-- RAW DATA --
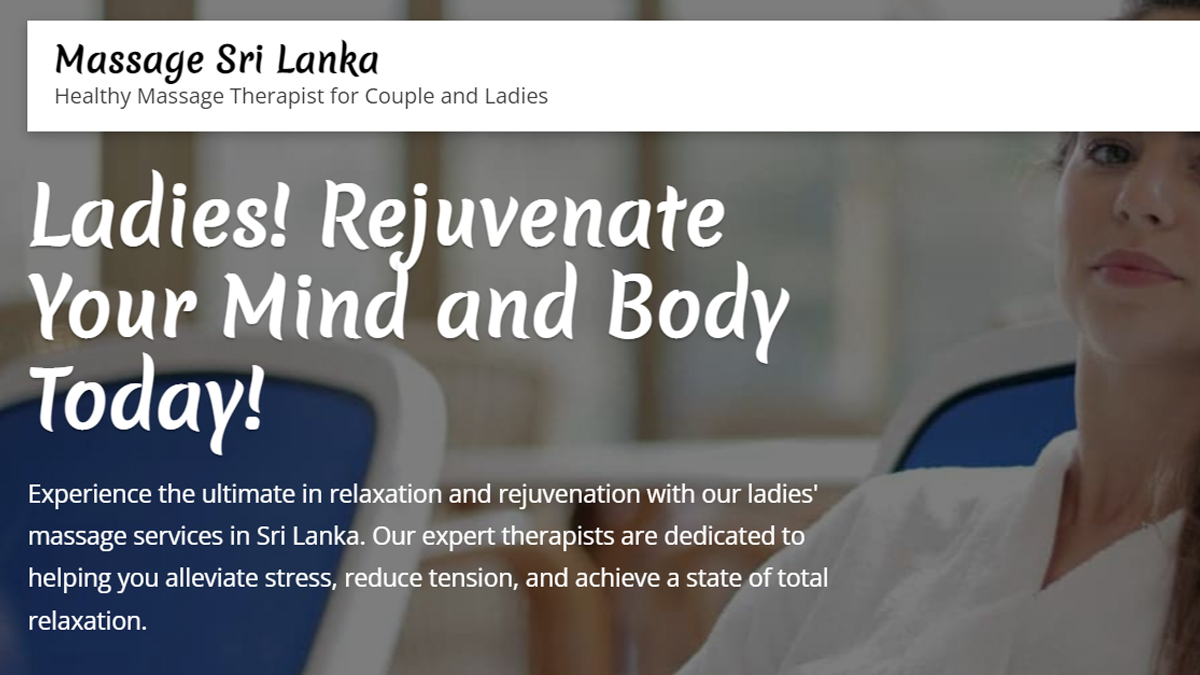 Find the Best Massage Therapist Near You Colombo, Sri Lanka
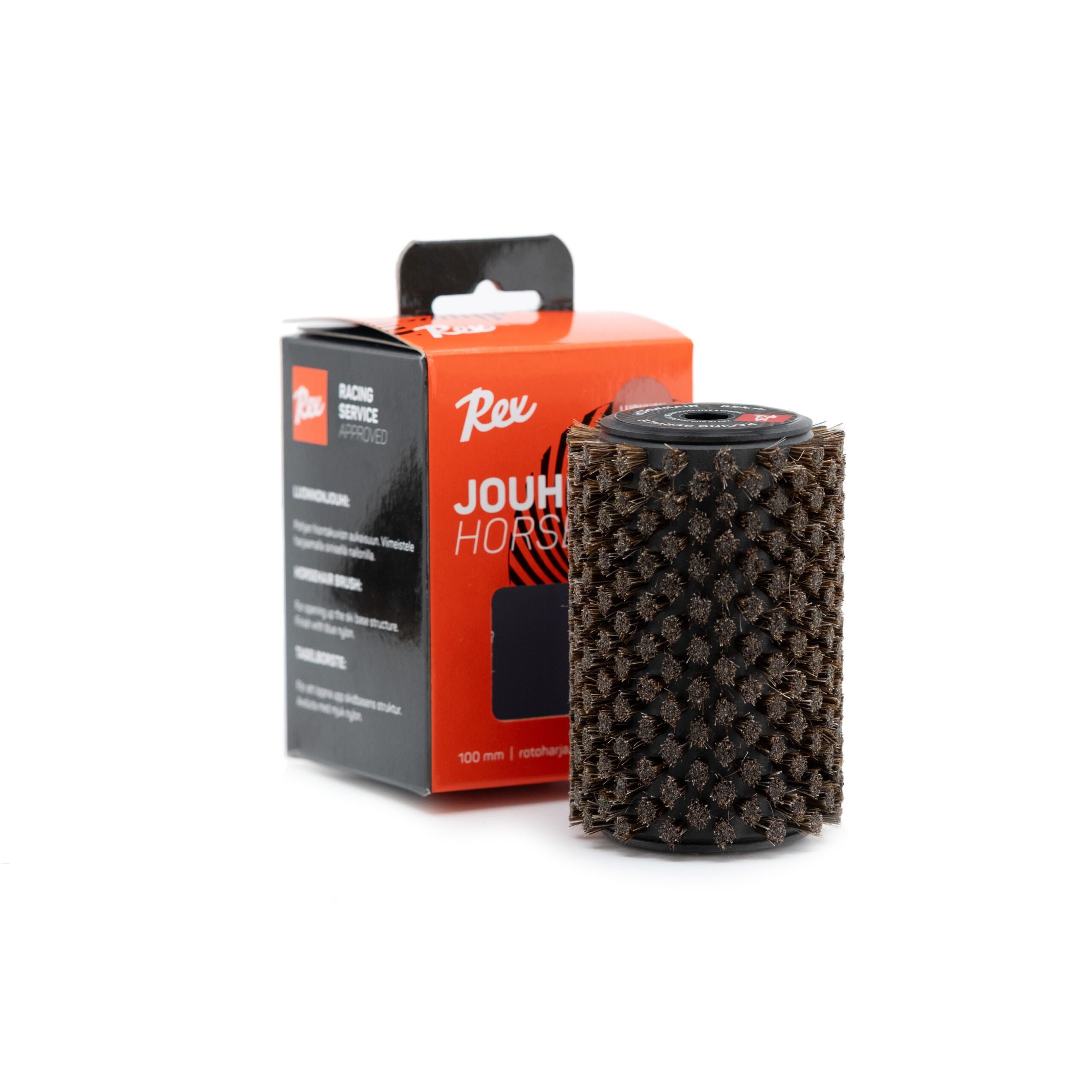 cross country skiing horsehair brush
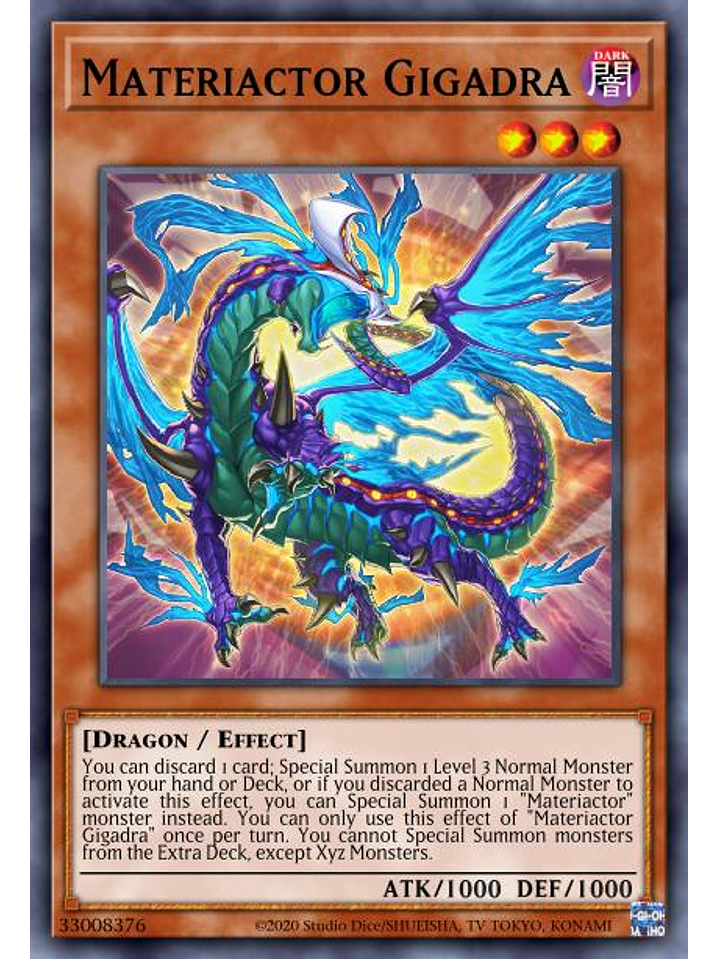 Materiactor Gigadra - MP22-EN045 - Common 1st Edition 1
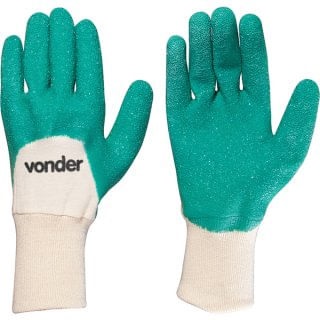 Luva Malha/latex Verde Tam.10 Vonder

--

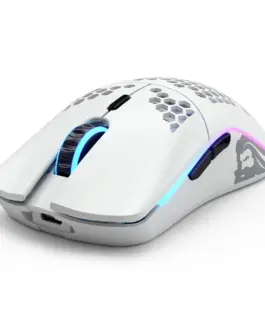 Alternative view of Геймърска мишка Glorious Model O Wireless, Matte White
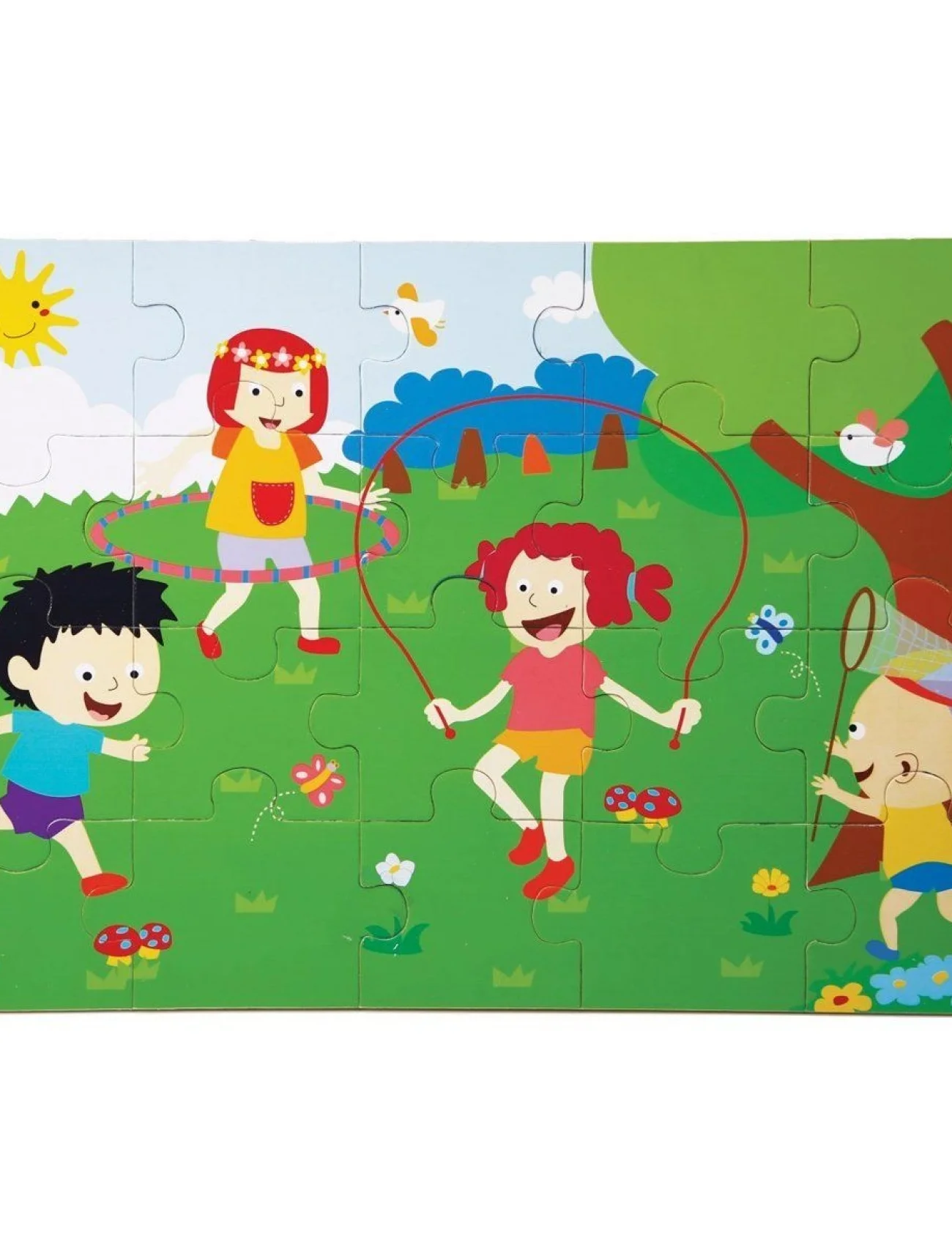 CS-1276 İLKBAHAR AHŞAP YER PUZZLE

==

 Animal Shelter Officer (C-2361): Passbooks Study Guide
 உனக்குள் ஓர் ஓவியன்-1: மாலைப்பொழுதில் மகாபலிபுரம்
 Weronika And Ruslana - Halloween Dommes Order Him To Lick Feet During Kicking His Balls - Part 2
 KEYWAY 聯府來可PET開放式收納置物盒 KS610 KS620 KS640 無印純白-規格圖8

-- ABOUT THIS EXERCISE --
In the listing above, find the line holding "Find the Best" and the line holding "Luva Malha/latex Verde Tam.10 Vonder". Reproduce those two lines and all between them exactly, leaving out pictures.

-- TASK RESULT --
 Find the Best Massage Therapist Near You Colombo, Sri Lanka
 cross country skiing horsehair brush
 Materiactor Gigadra - MP22-EN045 - Common 1st Edition 1
 Luva Malha/latex Verde Tam.10 Vonder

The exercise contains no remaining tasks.